Pandas is well suited for many different kinds of data:

- Tabular data with heterogeneously-typed columns, as in an SQL table or Excel spreadsheet
- Ordered and unordered (not necessarily fixed-frequency) time series data.
- Arbitrary matrix data (homogeneously typed or heterogeneous) with row and column labels
- Any other form of observational / statistical data sets.

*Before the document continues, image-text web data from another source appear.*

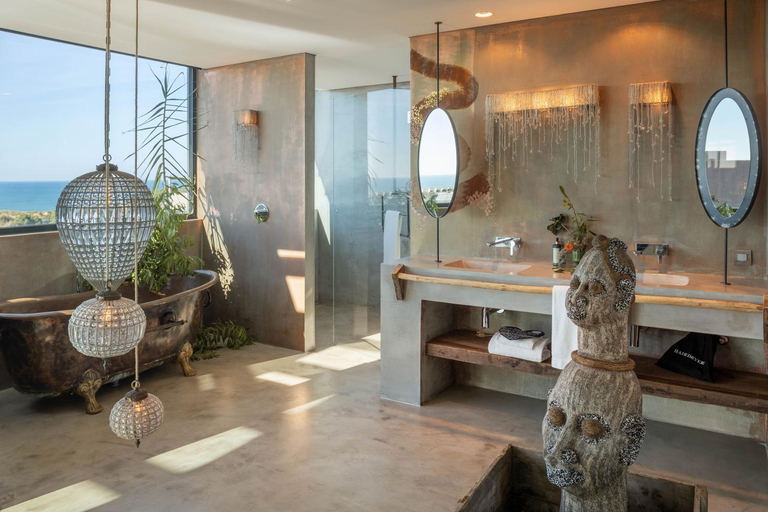 Bathroom 4, Areias do Seixo, Torres Vedras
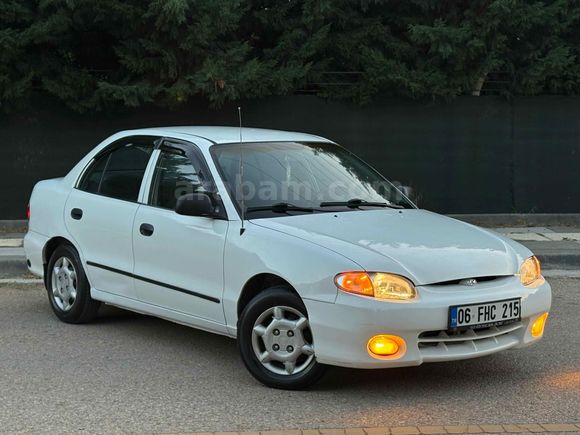 Sahibinden Hyundai Accent 1.5 GLS 1998 Model 
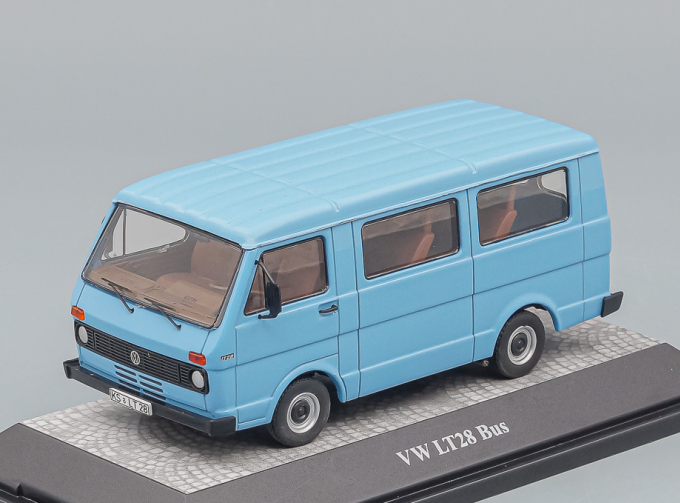 VOLKSWAGEN LT28 bus, blue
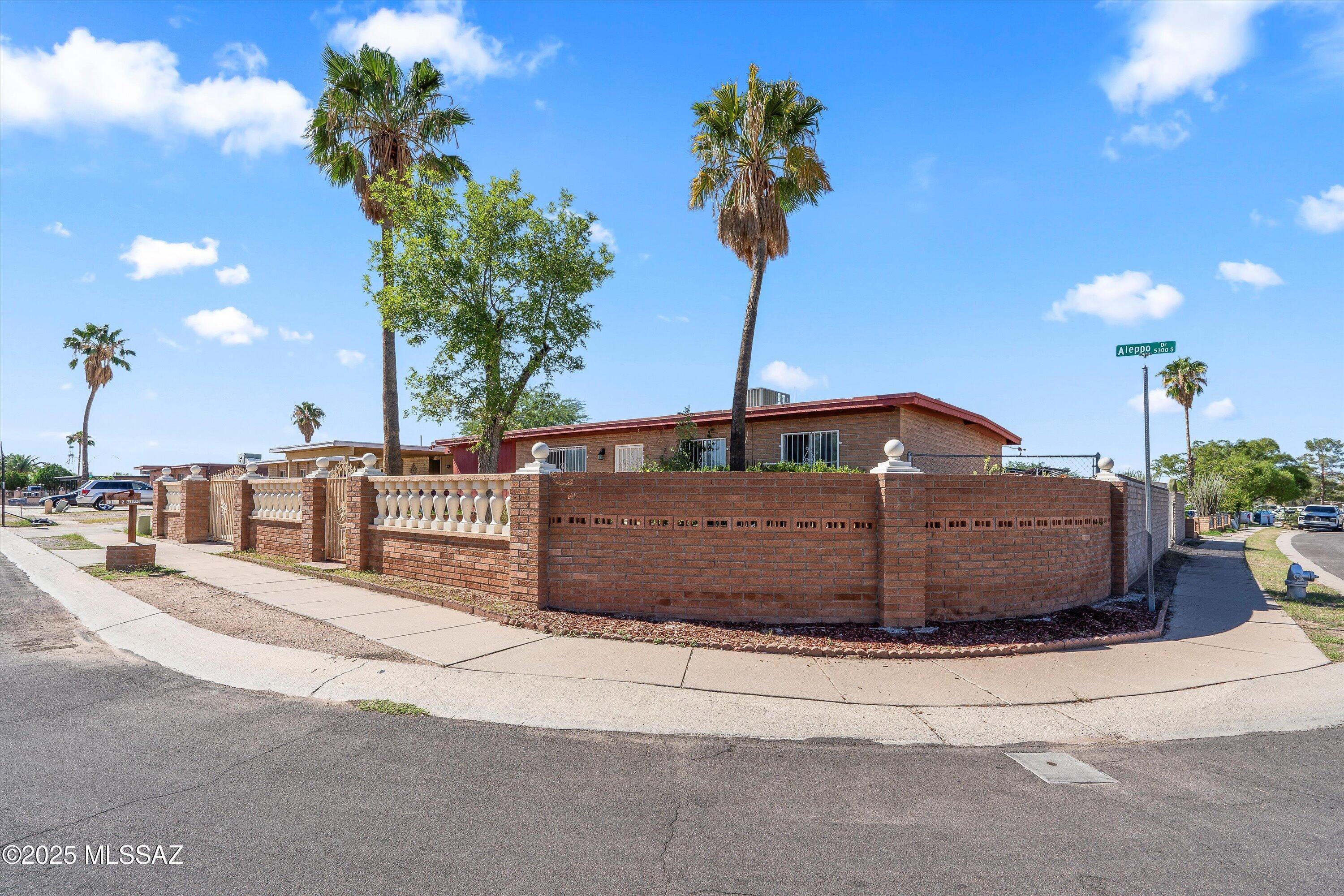 Desert Shadows (312-511) - Residential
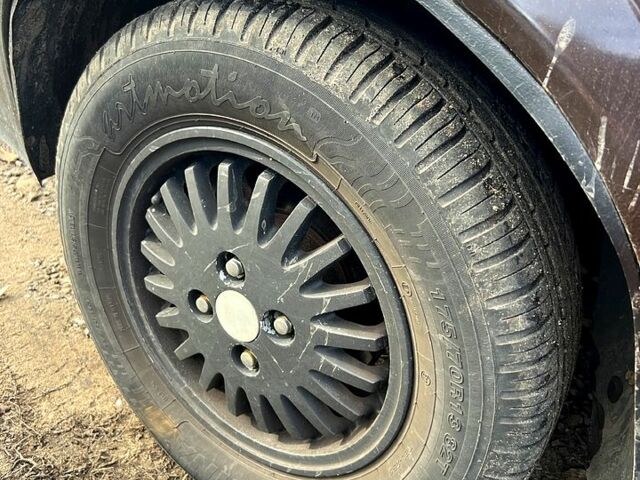 Коричневый Тойота Королла, объемом двигателя 1.3 л и пробегом 100 тыс. км за 850 $, фото 9 на Automoto.ua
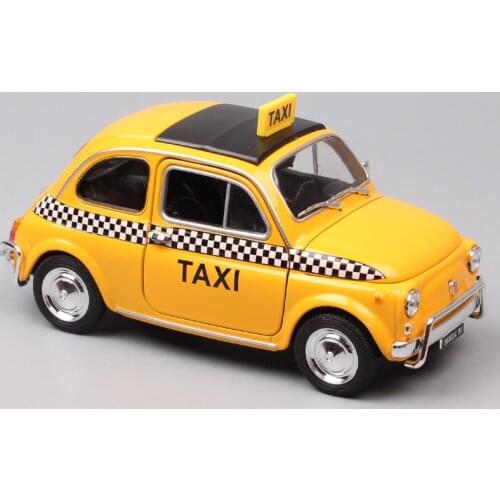 Kids Welly Small Vintage 1:24 Scale Nuova Fiat 500 Small City Car Automobiles Diecasts & Toy Vehicles Model Miniatures Gifts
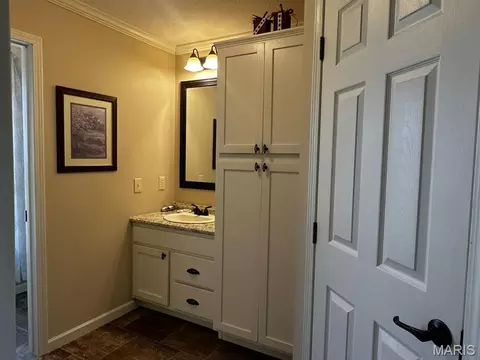 Bath - 16058 County Road 431, Dexter, MO 63841 photo 1 of 4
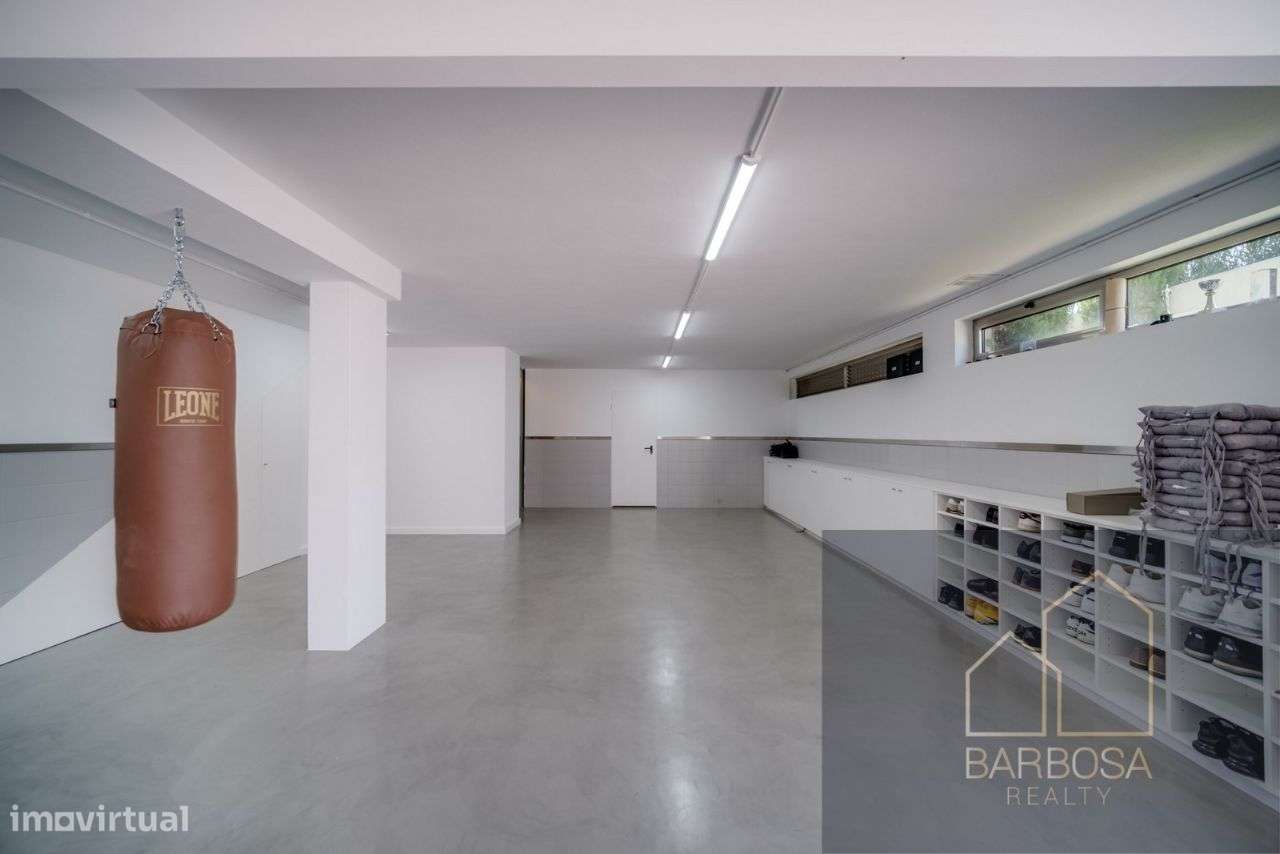 V5 Maia - 4 suites - 4 frentes - Luxo, privacidade e tranquilidade!-48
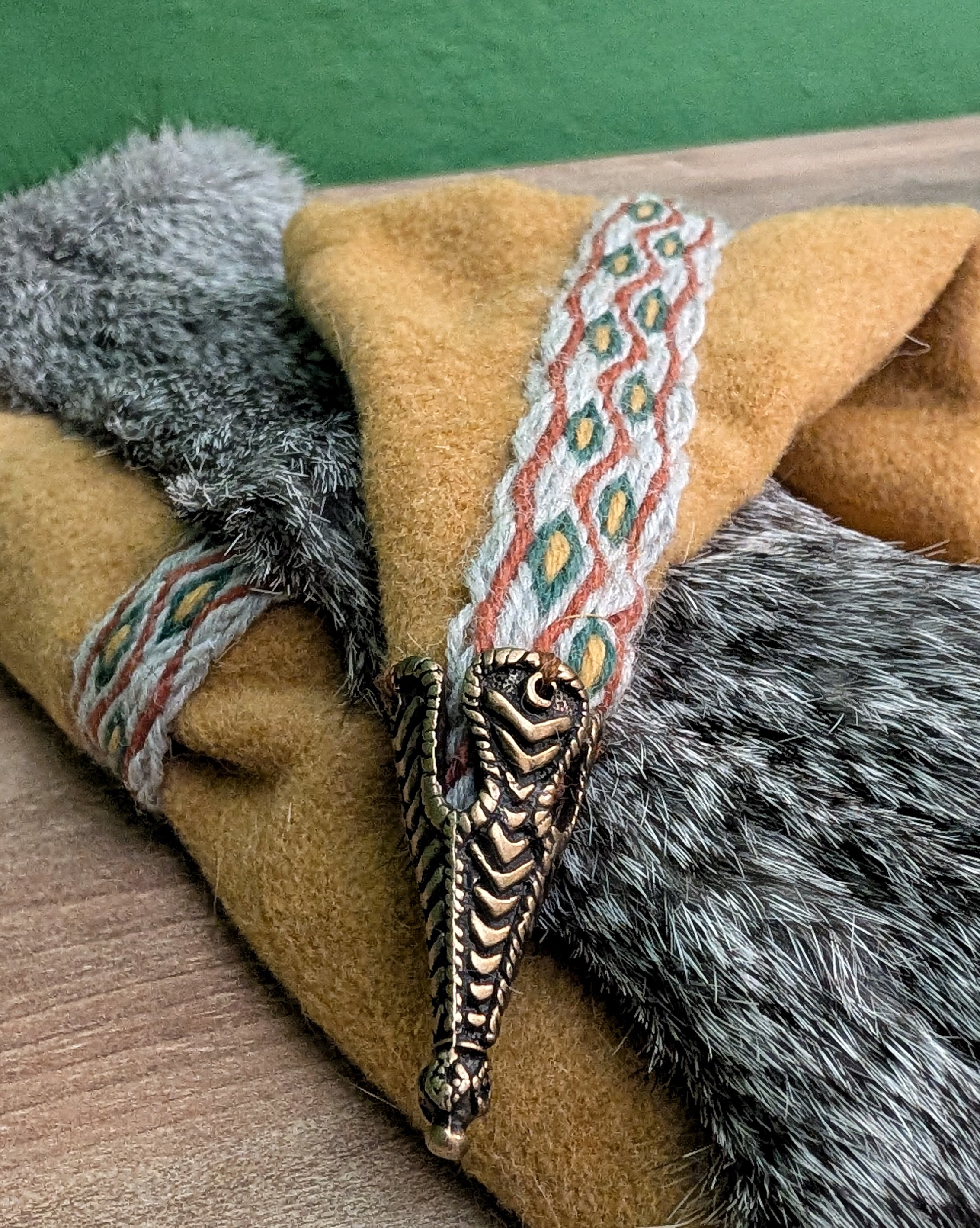 unikate senfgelbe Mütze aus Merino-Wolle mit Fell - Zipfelmütze für Wikinger Larp und Reenactment - Winter Wollmütze gelb Mittelalter Nordic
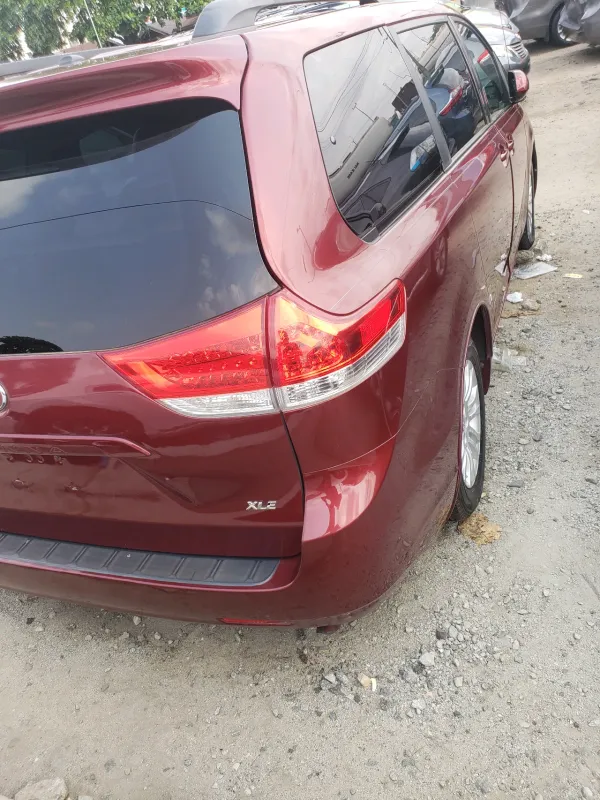 Thumbnail 12 of 2011 Toyota Sienna XLE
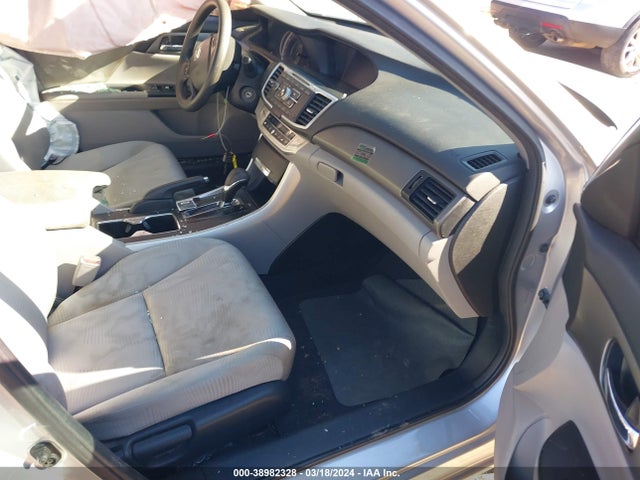Honda ACCORD LX 2015 1HGCR2F38FA044655 Image 5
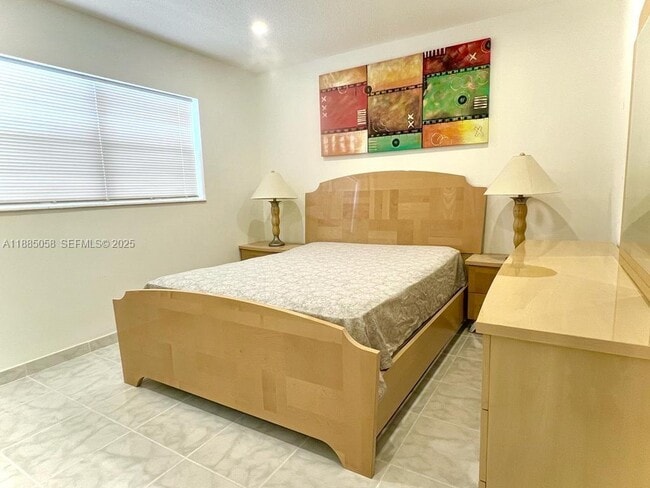 Building Photo - 5051 W Oakland Park Blvd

The data actually need not be labeled at all to be placed into a pandas data structure

The two primary data structures of pandas, `Series` (1-dimensional) and `DataFrame` (2-dimensional), handle the vast majority of typical use cases in finance, statistics, social science, and many areas of engineering. 

Pandas is built on top of NumPy and is intended to integrate well within a scientific computing environment with many other 3rd party libraries.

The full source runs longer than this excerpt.